[Data extract — start]

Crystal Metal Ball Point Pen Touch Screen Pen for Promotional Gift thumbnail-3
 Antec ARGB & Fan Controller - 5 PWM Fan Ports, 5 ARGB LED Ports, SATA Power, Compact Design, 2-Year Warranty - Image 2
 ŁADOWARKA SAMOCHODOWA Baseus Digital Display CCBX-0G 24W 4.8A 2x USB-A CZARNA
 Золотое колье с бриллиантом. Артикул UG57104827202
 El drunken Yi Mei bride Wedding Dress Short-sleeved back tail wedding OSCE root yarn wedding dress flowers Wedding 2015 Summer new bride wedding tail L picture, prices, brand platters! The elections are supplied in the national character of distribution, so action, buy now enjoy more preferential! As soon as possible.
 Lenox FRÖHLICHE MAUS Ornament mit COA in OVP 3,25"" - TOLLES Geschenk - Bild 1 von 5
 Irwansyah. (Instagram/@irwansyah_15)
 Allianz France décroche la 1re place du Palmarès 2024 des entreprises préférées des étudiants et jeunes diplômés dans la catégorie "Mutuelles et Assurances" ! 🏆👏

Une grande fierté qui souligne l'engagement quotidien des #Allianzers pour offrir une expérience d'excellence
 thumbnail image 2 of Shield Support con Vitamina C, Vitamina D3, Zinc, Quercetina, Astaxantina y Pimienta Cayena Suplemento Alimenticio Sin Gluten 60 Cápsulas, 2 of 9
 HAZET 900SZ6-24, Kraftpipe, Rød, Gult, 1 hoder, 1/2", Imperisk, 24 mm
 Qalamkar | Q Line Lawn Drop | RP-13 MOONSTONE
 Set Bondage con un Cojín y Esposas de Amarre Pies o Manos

[Data extract — finish]

Aim of the exercise> The line with "Irwansyah. (Instagram/@irwansyah_15)" through the last line of the entries above: output exactly those lines and nothing else.

Output>
 Irwansyah. (Instagram/@irwansyah_15)
 Allianz France décroche la 1re place du Palmarès 2024 des entreprises préférées des étudiants et jeunes diplômés dans la catégorie "Mutuelles et Assurances" ! 🏆👏

Une grande fierté qui souligne l'engagement quotidien des #Allianzers pour offrir une expérience d'excellence
 thumbnail image 2 of Shield Support con Vitamina C, Vitamina D3, Zinc, Quercetina, Astaxantina y Pimienta Cayena Suplemento Alimenticio Sin Gluten 60 Cápsulas, 2 of 9
 HAZET 900SZ6-24, Kraftpipe, Rød, Gult, 1 hoder, 1/2", Imperisk, 24 mm
 Qalamkar | Q Line Lawn Drop | RP-13 MOONSTONE
 Set Bondage con un Cojín y Esposas de Amarre Pies o Manos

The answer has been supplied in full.